Exercise requirements: What this exercise needs is every entry restated as written, with no pictures.

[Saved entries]
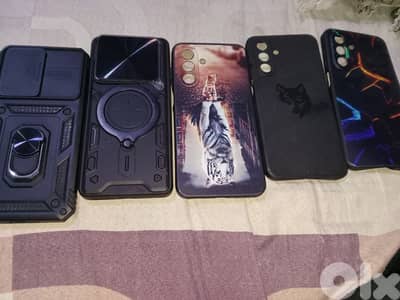 5 كفرات بيركبو عال Samsung a26 بعدن جداد مش مستعملين كلن سوا ب 11$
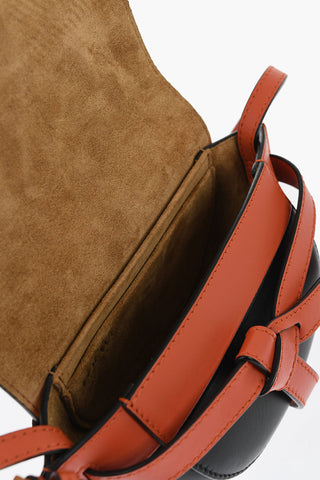 Two-Tone Leather GATE Crossbody Bag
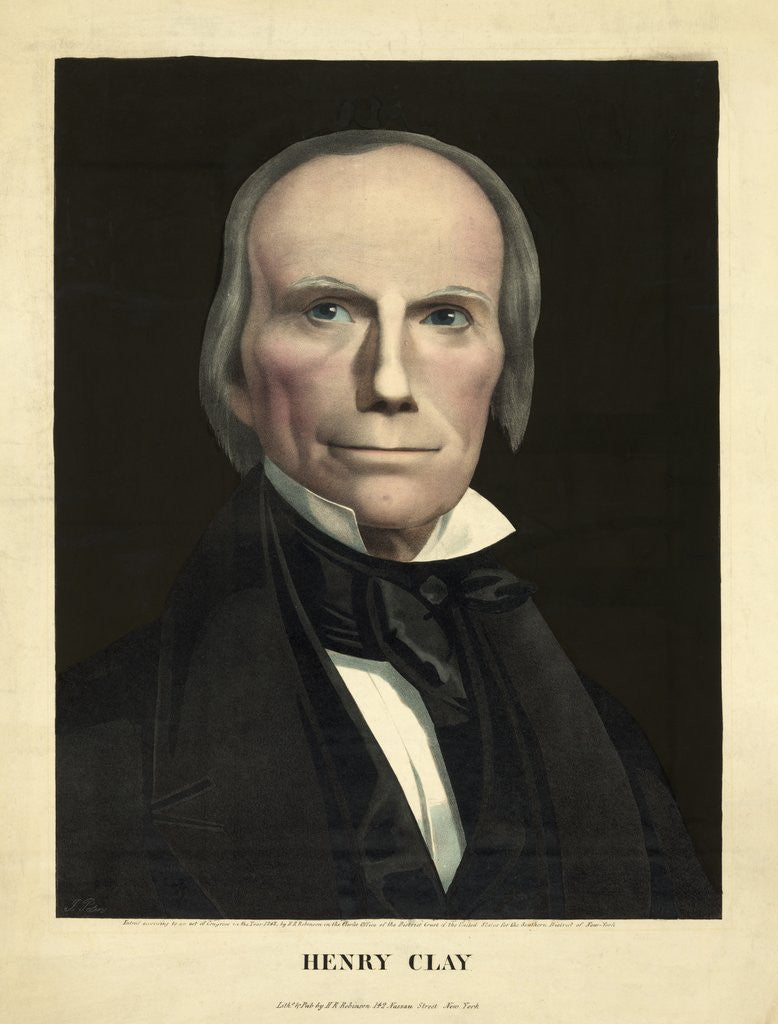 Detail of Portrait of Henry Clay by Anonymous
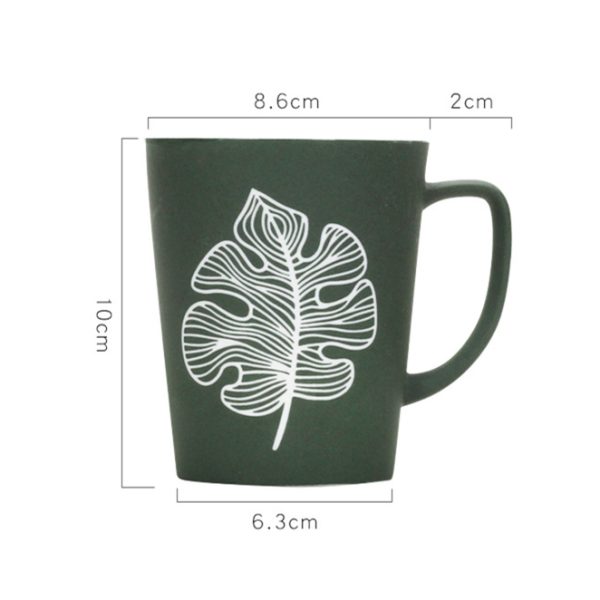 Large Capacity Simple Modern Creative Mug With Lid And Spoon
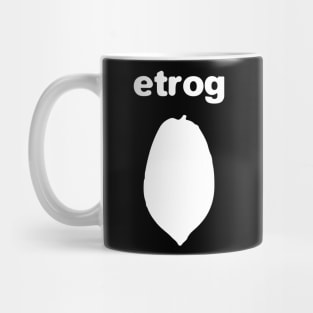 Ertog אֶתְרוֹג citron fruit white Mug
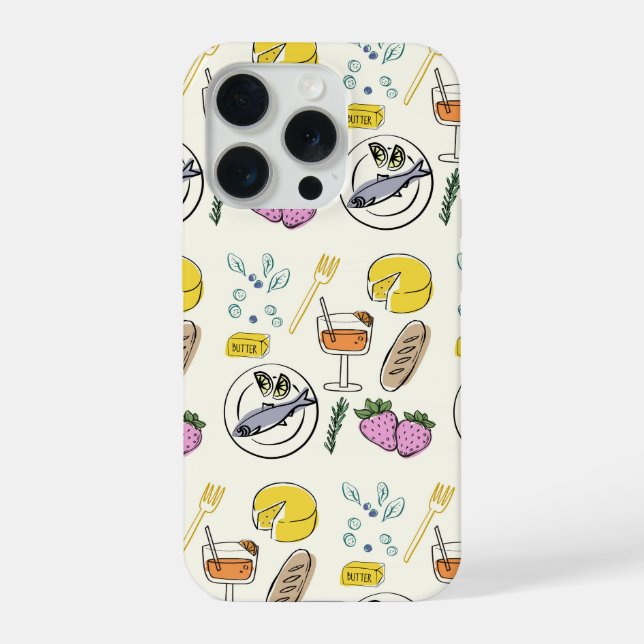 Coque iPhone Minimaliste gourmand (Verso)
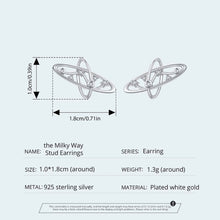 Milky Way Stud Earrings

Result for this exercise:
 5 كفرات بيركبو عال Samsung a26 بعدن جداد مش مستعملين كلن سوا ب 11$
 Two-Tone Leather GATE Crossbody Bag
 Detail of Portrait of Henry Clay by Anonymous
 Large Capacity Simple Modern Creative Mug With Lid And Spoon
 Ertog אֶתְרוֹג citron fruit white Mug
 Coque iPhone Minimaliste gourmand (Verso)
 Milky Way Stud Earrings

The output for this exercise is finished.